* WHAT THE TASK ASKS
Write out again, exactly as they appear, the lines from the start of the data below through the line with "The class learns"; no pictures.

* RECORDS FOR THE TASK
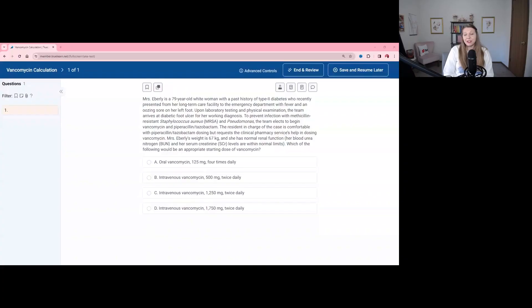Hello, my name is Dr. Sierra Richard. I'm a clinical pharmacist specialist, and today we're going to review a calculations question from the NAPLEX test bank with TruLearn. Vancomycin is a common medication that we give in the hospital, and pharmacists play an integral role in helping dose and manage this medication.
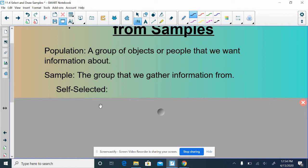Another example would be if you have something on the back of a Burger King or Subway receipt, they'll be like, fill out this survey and you'll get a free cookie. Well, that's clearly a self-selected sample because the people who fill out the survey have selected to be in the sample. Now, our goal in conducting a sample is to have it be a good representation of the population. We don't want certain groups of people to be overrepresented or underrepresented in our population. We want our sample to look like our population.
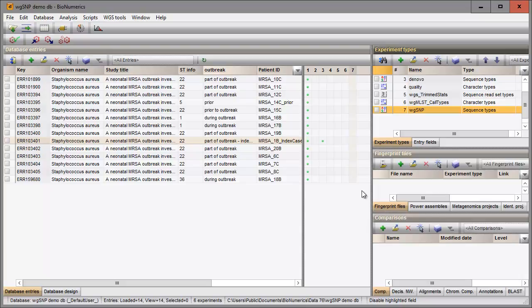There is a de novo assembled sequence present for one entry in the database. I will use the sequence as reference sequence by copying the sequence from the de novo experiment to our new sequence type experiment.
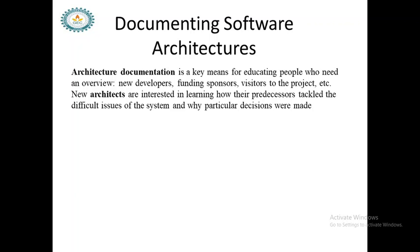The architecture document is a means for educating people who need an overview — new developers, sponsors, or visitors to the project. New architects are interested in learning how their predecessors tackled difficult issues of the system and why particular decisions were made.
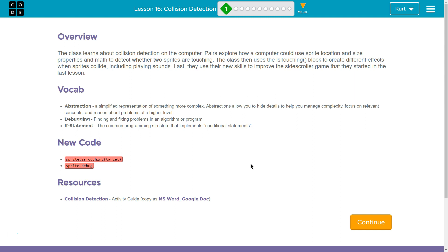The class learns about collision detection on the computer. Pairs explore how a computer could use sprite location and size properties and math to detect whether two sprites are touching. The class then uses the IsTouching block to create different effects when the sprites collide, including playing sounds.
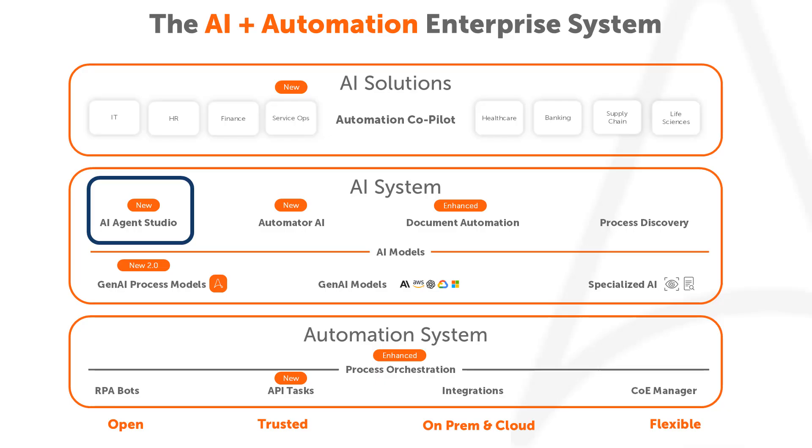Part of the AI plus Automation Enterprise System, AI Agent Studio connects with your enterprise architecture to work with your models, your applications, and your environments.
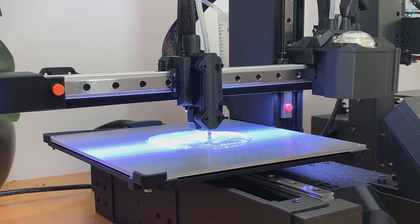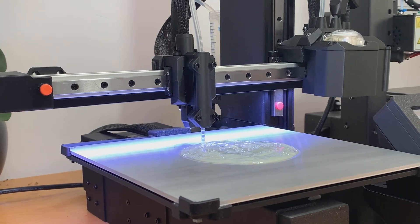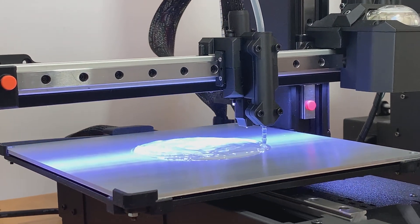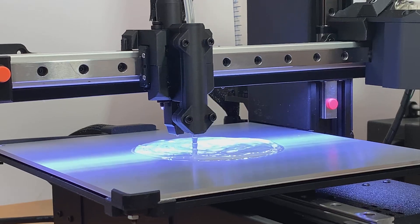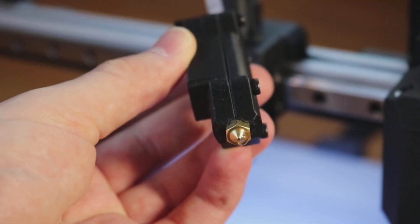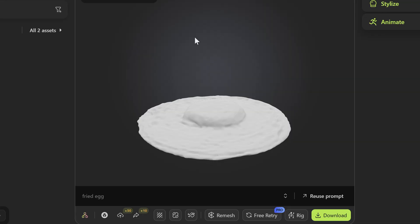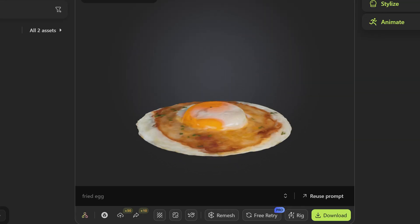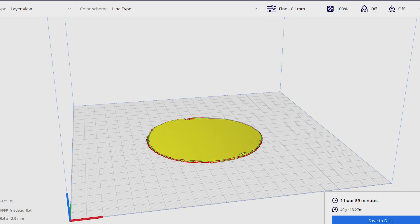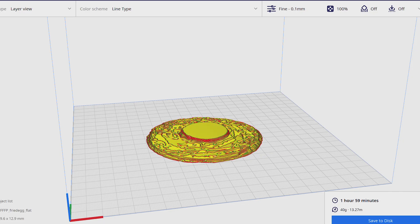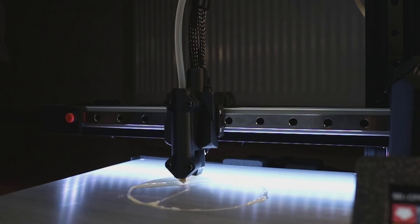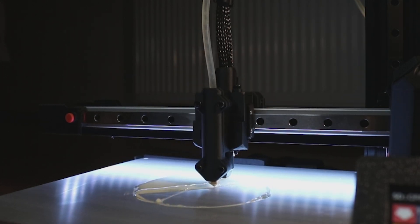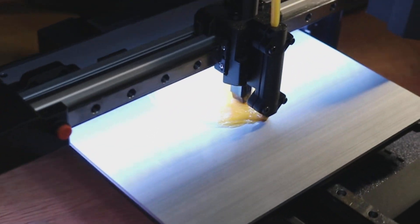My first iteration started with a pretty standard setup: a 0.4 millimeter nozzle, a layer-by-layer printing approach at 0.2 millimeter height, and a realistic egg model created with Meshy AI. The idea was simple: mix the whole egg in a single tube and extrude it gradually to build a fried egg. But in reality, well let's just say that almost every decision at this stage turned out to be the wrong one.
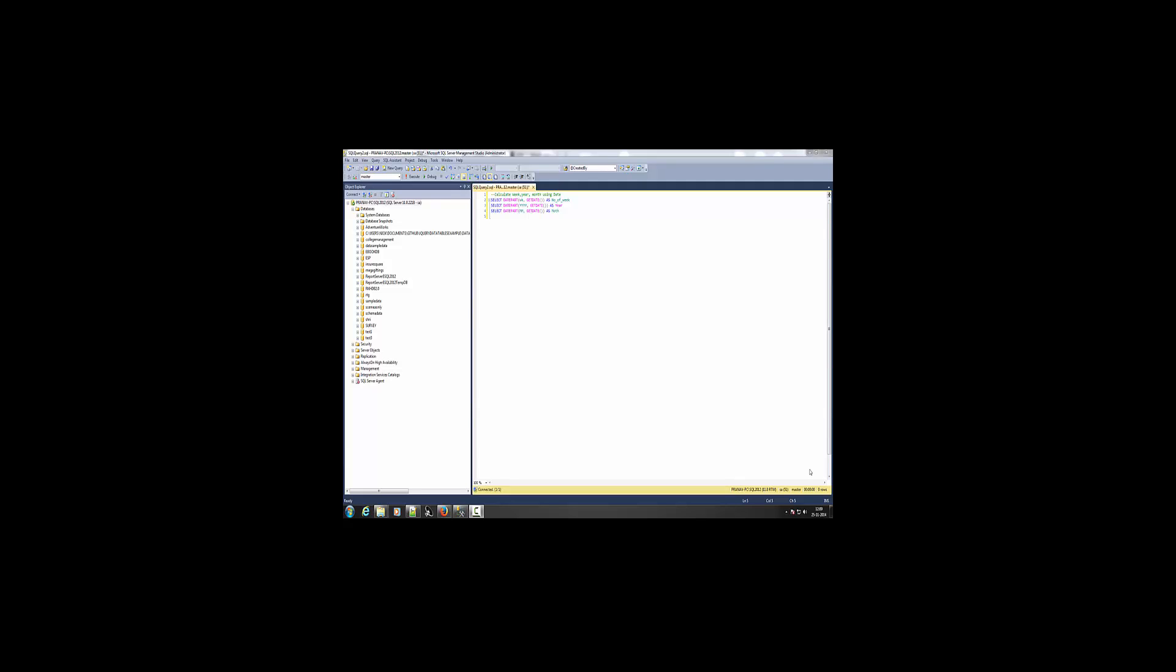Hello, my name is Pranav and today's topic is how to calculate week, year, and month from your given date. For that I am using the datepart function.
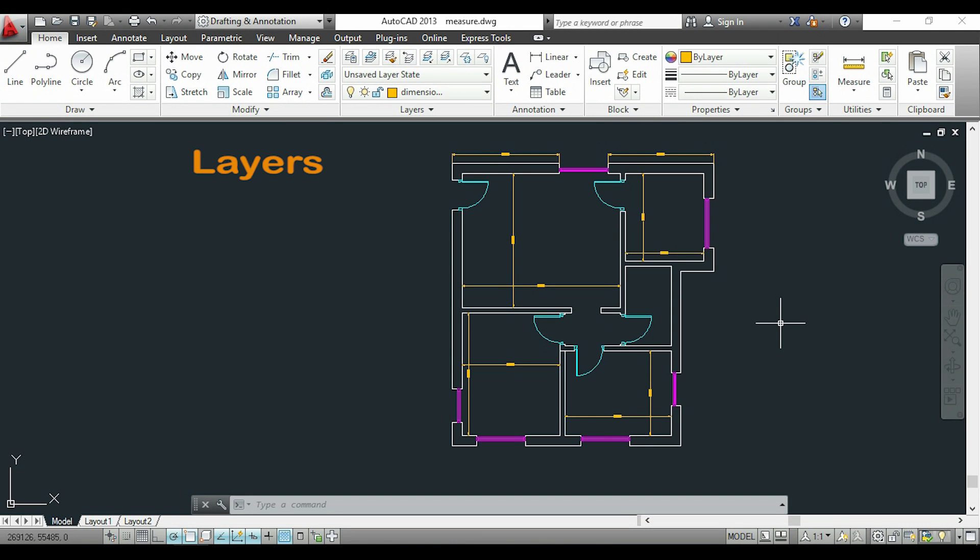Hi guys! In this video, I will show you how to use layers in AutoCAD, and for that I will be using this floor plan.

* OUTPUT FOR THIS TASK
Hello, my name is Dr. Sierra Richard. I'm a clinical pharmacist specialist, and today we're going to review a calculations question from the NAPLEX test bank with TruLearn. Vancomycin is a common medication that we give in the hospital, and pharmacists play an integral role in helping dose and manage this medication.
Another example would be if you have something on the back of a Burger King or Subway receipt, they'll be like, fill out this survey and you'll get a free cookie. Well, that's clearly a self-selected sample because the people who fill out the survey have selected to be in the sample. Now, our goal in conducting a sample is to have it be a good representation of the population. We don't want certain groups of people to be overrepresented or underrepresented in our population. We want our sample to look like our population.
There is a de novo assembled sequence present for one entry in the database. I will use the sequence as reference sequence by copying the sequence from the de novo experiment to our new sequence type experiment.
The architecture document is a means for educating people who need an overview — new developers, sponsors, or visitors to the project. New architects are interested in learning how their predecessors tackled difficult issues of the system and why particular decisions were made.
The class learns about collision detection on the computer. Pairs explore how a computer could use sprite location and size properties and math to detect whether two sprites are touching. The class then uses the IsTouching block to create different effects when the sprites collide, including playing sounds.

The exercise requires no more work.